City-hired consultants have said Aquarion's proposal would reduce the sewage overflows to four a year and save rate-payers between $7.1 million and $8.6 million a year. Some city councilors say the savings might be much less.
The contract, which needs approvals by the BPW and Mayor Michael J. Sullivan, calls for average annual service fees to the company of $8.43 million over 20 years. The company has pledged to hire up to 26 city workers at the same pay and with more benefits.
The BPW meets Tuesday at 5:30 p.m. in the Department of Public Works' 63 Canal St. offices.
At that time, the board will consider public comments on the contract, and will consider proposing a fee increase to help cover the cost of construction. The city has also been approved for a state revolving fund loan of $18 million at 2 percent to pay for the project.

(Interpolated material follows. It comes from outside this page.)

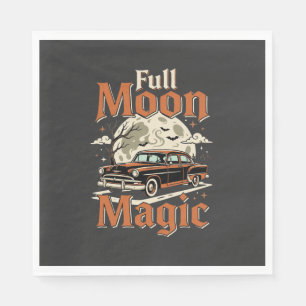 Halloween Vollmond Magie Vintage Auto Serviette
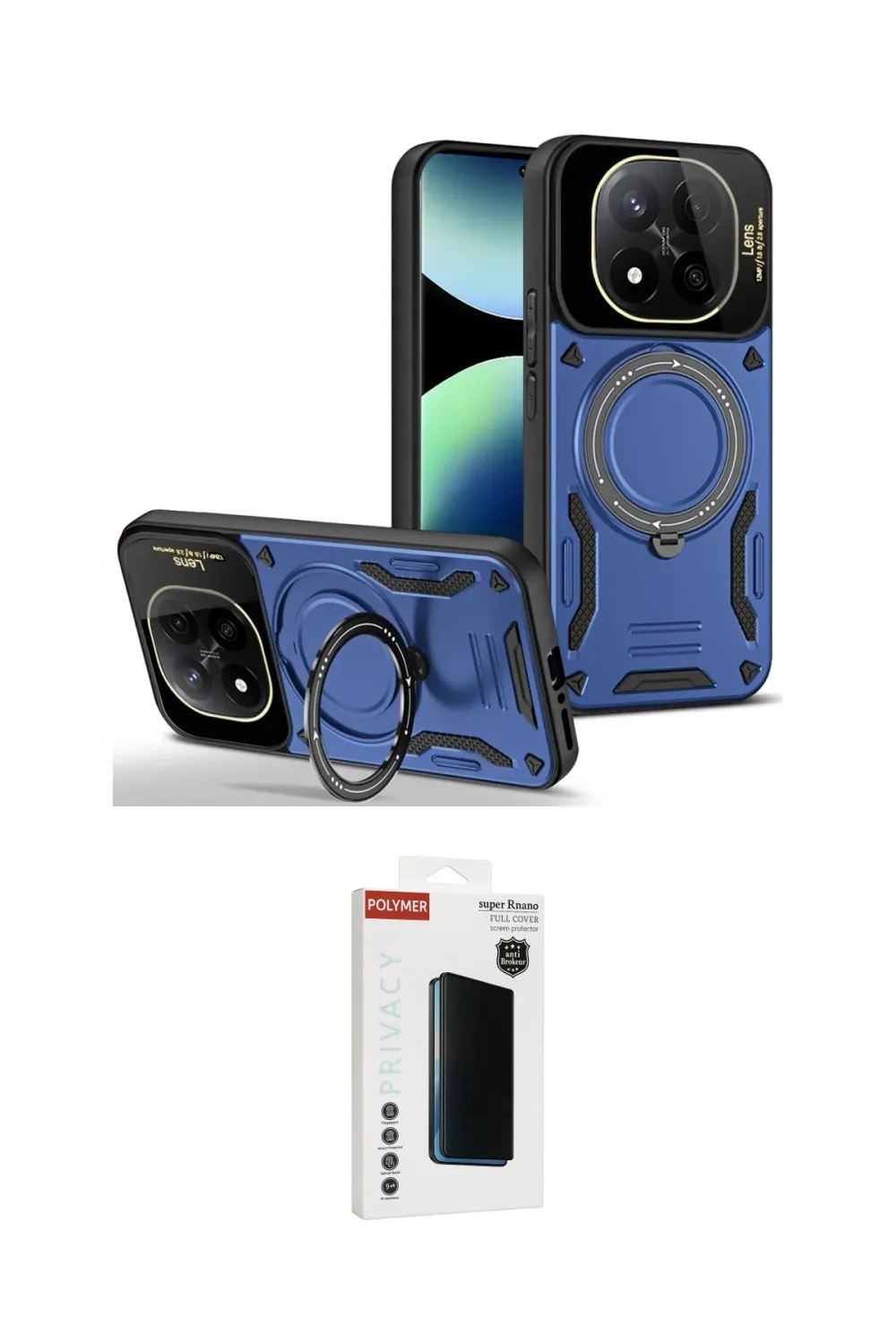 ieg™ Redmi Note 14 Pro Plus Kılıf Kıvılcım Modern Serisi - Siyah Hayalet Polymer Nano Ekran Koruyucu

In his letter, Gorski says Aquarion's preliminary design, which reduces odors at the plant and provides secondary water treatment, are positive signs, as is the state's approval of the low-interest loan.
Gorski added that his agency "does not take a position with respect to the proposed public-private partnership.
Whether or not the city signs the contract, however, the Department of Environmental Protection and probably the EPA "will require the city to proceed with the Berkshire Street CSO abatement project in order to meet the agencies' standards," Gorski wrote.
He concluded that the city has been given "sufficient time to explore technical options and financing opportunities. ... The city must now move forward with the remediation of the CSO discharge, regardless of whether it elects to enter into a public-private partnership. "Failure to move forward with the CSO project places the city at risk for further enforcement action, including monetary penalties."